Review by Frank Plowright
In many ways the key character in the Bureau for Paranormal Research and Development is Kate Corrigan. A history professor by trade, she’s the normal human accompanying the missions, a caring liaison to what are referred to as “the agents” with enhanced talents. Knowledgeable, resourceful and sympathetic, she’s also surprisingly capable when faced with the unknown.
She’s central to this story as she attempts to acquire a mystical tome that may provide the key to rectifying something that occurred in The Black Flame. She and agent Andrew Devon travel to a remote hilltop area in France to meet a dealer in antiquities with a stunning selection of arcane material. The situation, however, rapidly moves beyond her expectations and she finds herself held hostage by someone proposing a trade with the B.P.R.D.
The other main plot thread here concerns incidents from the pasts of other agents. After two volumes the uncompromising Daimio opens up about how he arrived at his current condition, relating a story of were-jaguars in Bolivia.
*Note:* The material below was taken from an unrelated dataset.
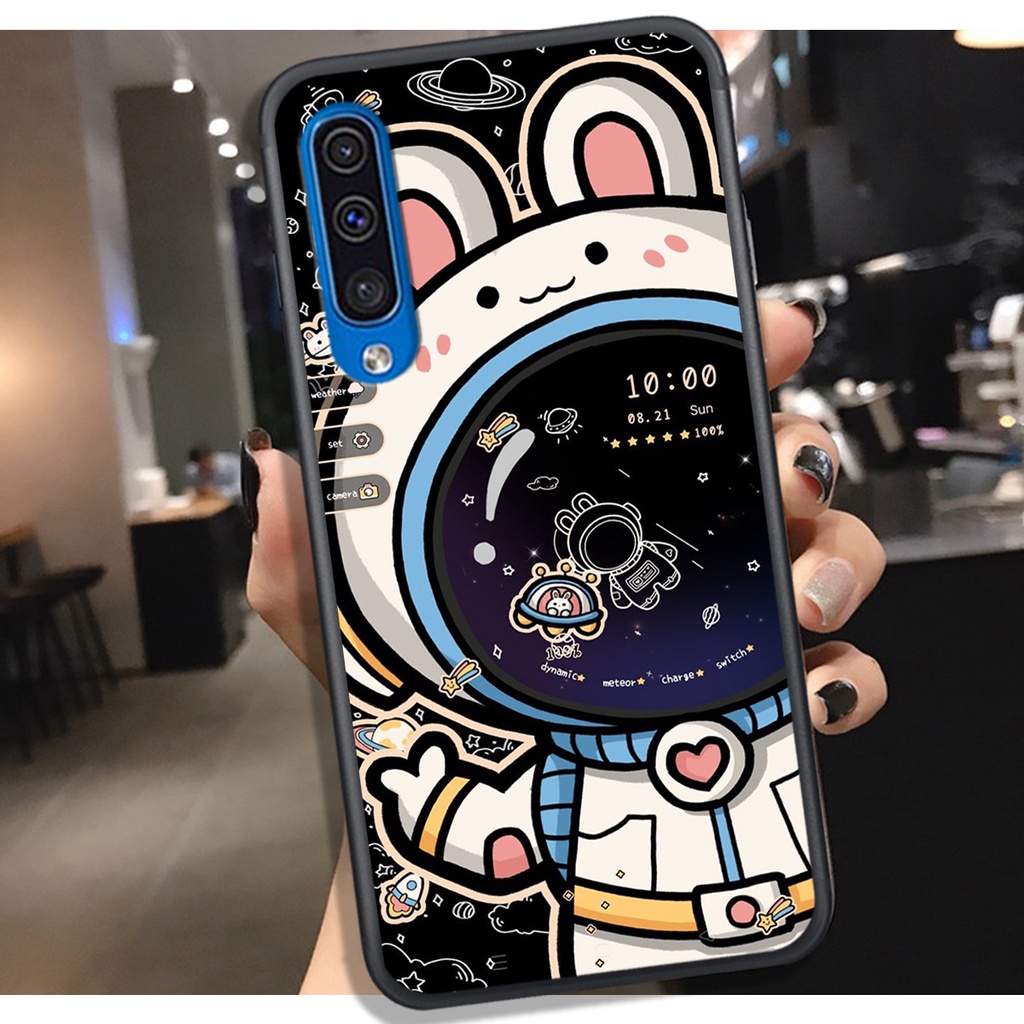 Ốp Lưng SamSung A30S - A50 - A70 - A7 2018 - A9 2018  ,In Hình " Phi Hành Gia" Bắt Mắt, Đẹp.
His revelation encourages the others to reciprocate, and one of their encounters includes a guest shot from Hellboy.
This is very much a change of pace story for the B.P.R.D. The menace of the frog creatures is sidelined for the time being, and until the finale plotters Mike Mignola and John Arcudi restrict the appearance of the supernatural to the stories being told by cast members. Mignola conceived elements of the story several years previously, initially intending to use them in Hellboy, but that never worked out, and B.P.R.D. fans should be glad of that. What Arcudi made of the plot surely works far better with Kate as the person trapped.
As ever, Guy Davis is picture perfect, whether illustrating a Wendigo on the rampage, or the faux-Georgian world in which Kate finds herself. As revealed in Davis’ sketchbook section closing the book, the costume designs for this sequence were based on those seen in Roman Polanski’s film The Fearless Vampire Killers, a favourite of Mignola’s. The sketches also convey how much thought Davis applies to his art, with four sketches of a castle that’s only seen in the glory of its prime in three panels.
Mignola also supplies a few pages at the end in which Johan and Roger have a conversation that closes a story running to this point. It’s charmingly carried out.